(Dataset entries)

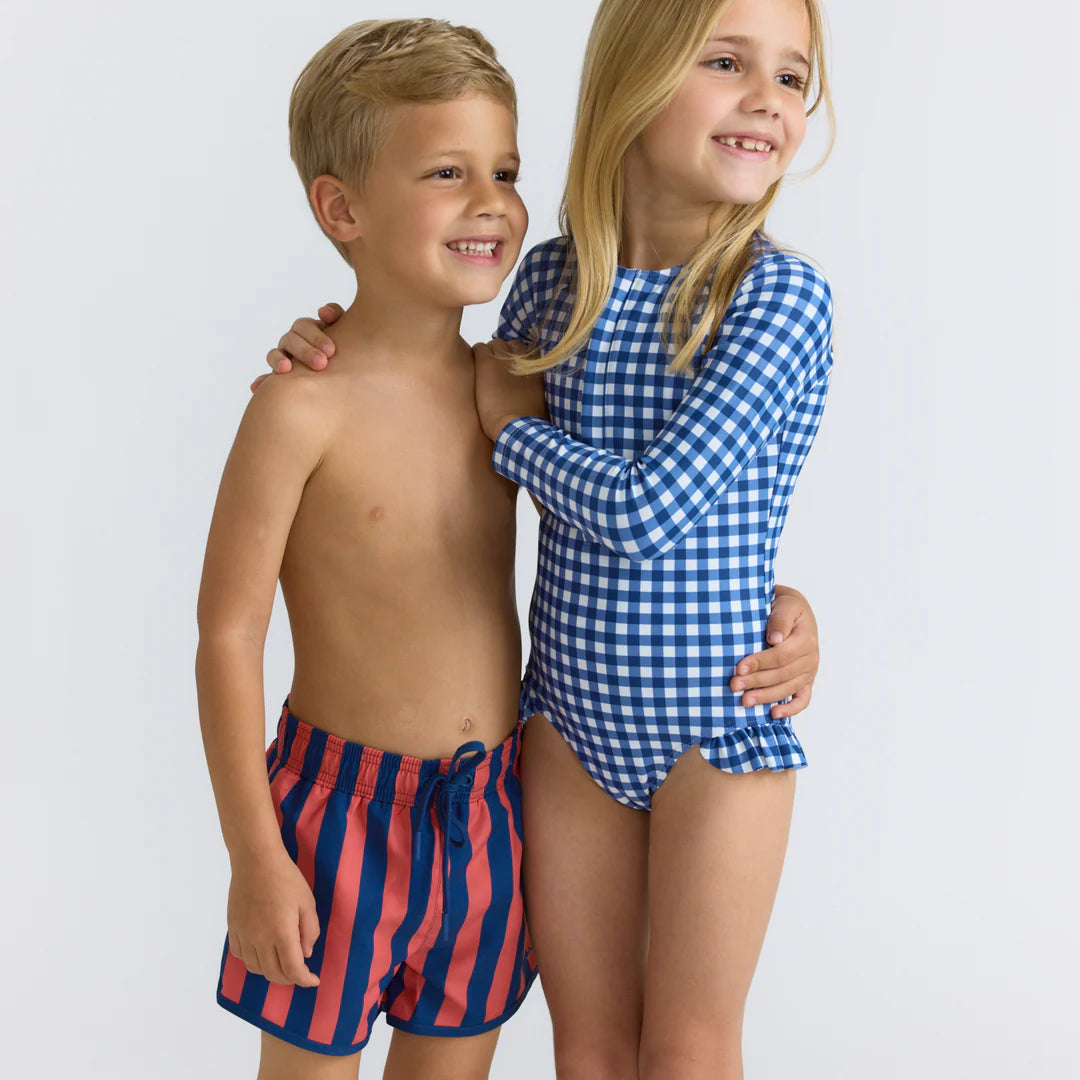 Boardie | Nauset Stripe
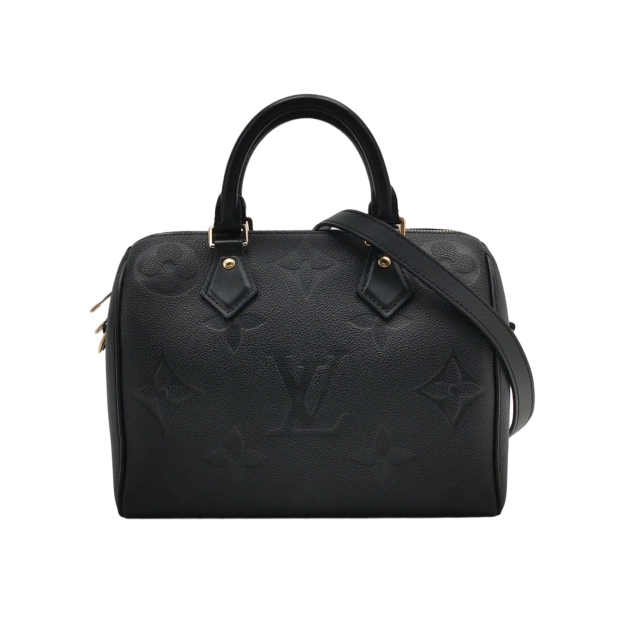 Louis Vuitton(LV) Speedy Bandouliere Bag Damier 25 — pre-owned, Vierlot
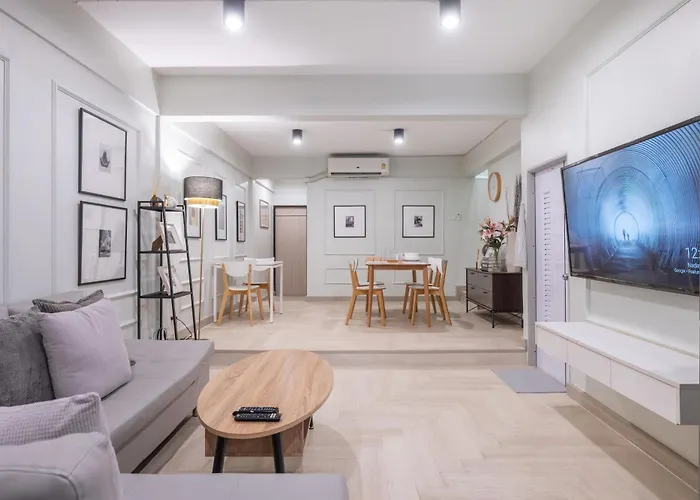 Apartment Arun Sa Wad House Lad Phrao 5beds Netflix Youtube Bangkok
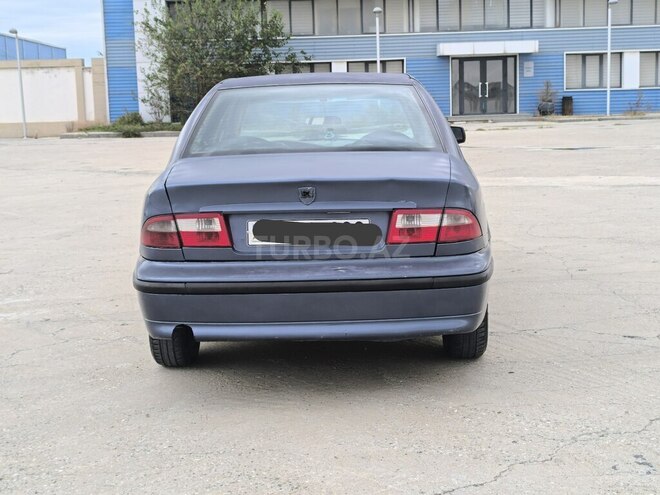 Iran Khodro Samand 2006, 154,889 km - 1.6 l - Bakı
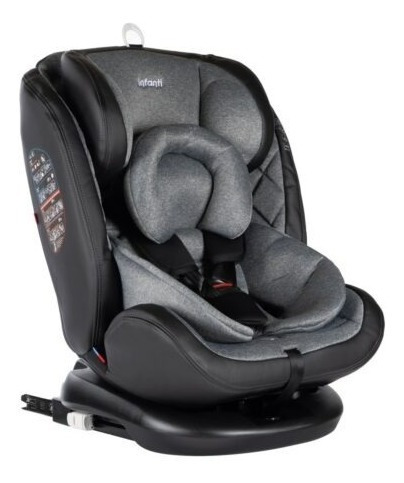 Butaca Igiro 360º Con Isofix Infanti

■ YOUR TASK:
Quote the data above in full, leaving out the pictures it holds.

■ EXERCISE RESPONSE:
 Boardie | Nauset Stripe
 Louis Vuitton(LV) Speedy Bandouliere Bag Damier 25 — pre-owned, Vierlot
 Apartment Arun Sa Wad House Lad Phrao 5beds Netflix Youtube Bangkok
 Iran Khodro Samand 2006, 154,889 km - 1.6 l - Bakı
 Butaca Igiro 360º Con Isofix Infanti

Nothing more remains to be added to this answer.